# Chair lift taken out by avy winkle people are on it...



## AcroPhile (Dec 3, 2010)

Yikes!  Doesn't mention anyone getting hurt so that's always good news. Very impressive footage.


----------



## ETM (Aug 11, 2009)

Thats crazy. Reminds me of the japanese tsunami footage.


----------



## Chosen_OnE (Apr 3, 2011)

It still amazes me how oblivious people were of the danger heading towards them. It's a good thing there wasn't a lot of traffic on that lift. Not one person seemed to show any concern over the situation. 
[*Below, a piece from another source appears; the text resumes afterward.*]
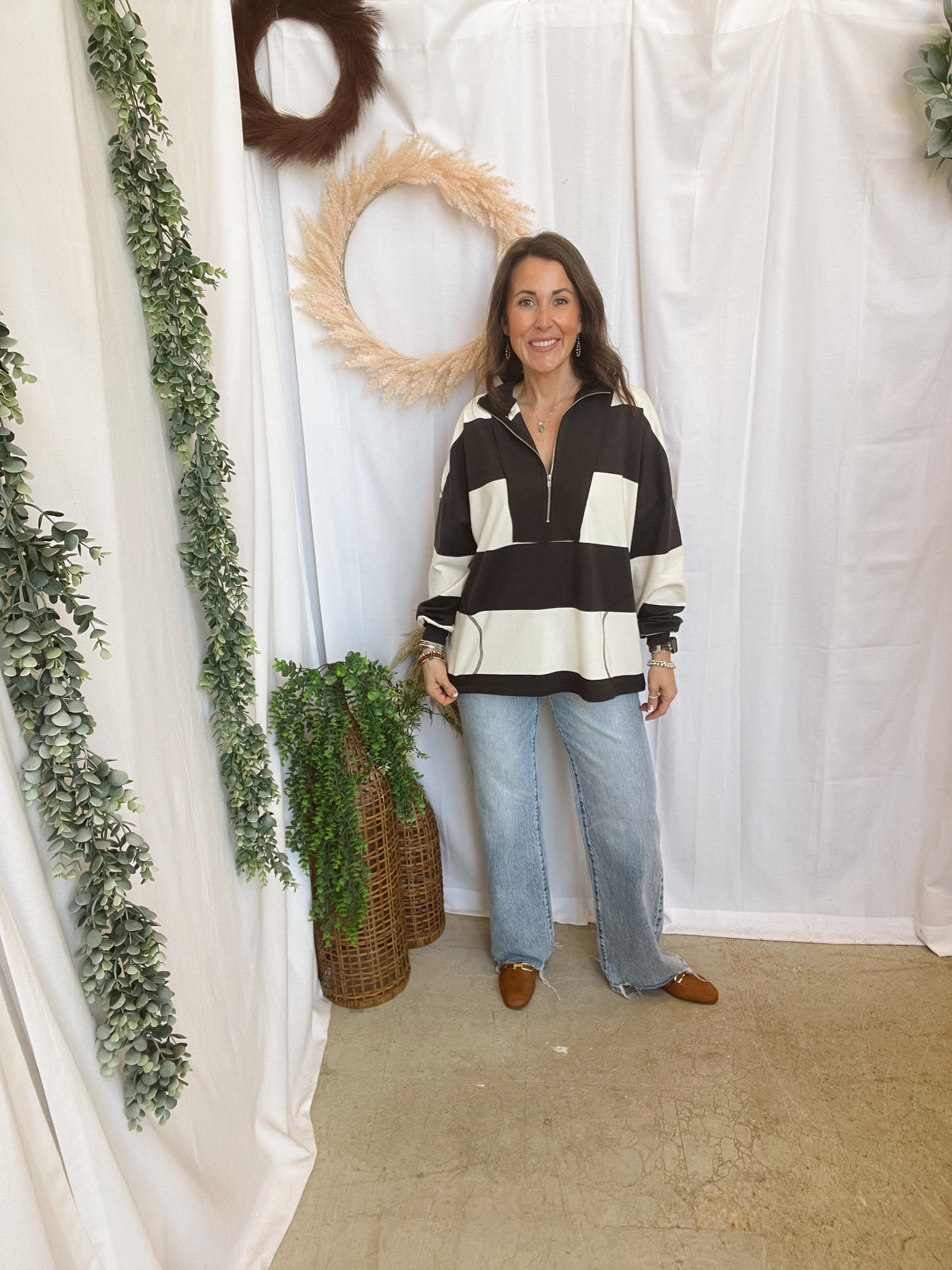 Willow Stripe Half Zip Top-Long Sleeve Tops-blu pepper-The Silo Boutique, Women's Fashion Boutique Located in Warren and Grand Forks North Dakota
Obtenir la baise à un endroit où il ne vous gênera pas !


----------



## killclimbz (Aug 10, 2007)

Wet slide avalanches are slow but they are so p o w e r f u l. Not surprised at all that it mangled the lift. Glad no one was riding the lift in the area it struck. The people that were above it were lucky that they had gotten above the flow before it hit, and that it didn't cause the lift to collapse complete. It's been an unusual season with avalanches world wide to say the least.


----------



## turbospartan (Oct 27, 2010)

Winkle?

Ray Finkle? 

Finkle is Einhorn?


----------



## Nefarious (Dec 26, 2010)

turbospartan said:


> Winkle?
> 
> Ray Finkle?
> 
> Finkle is Einhorn?


Your gun is digging into my hip


----------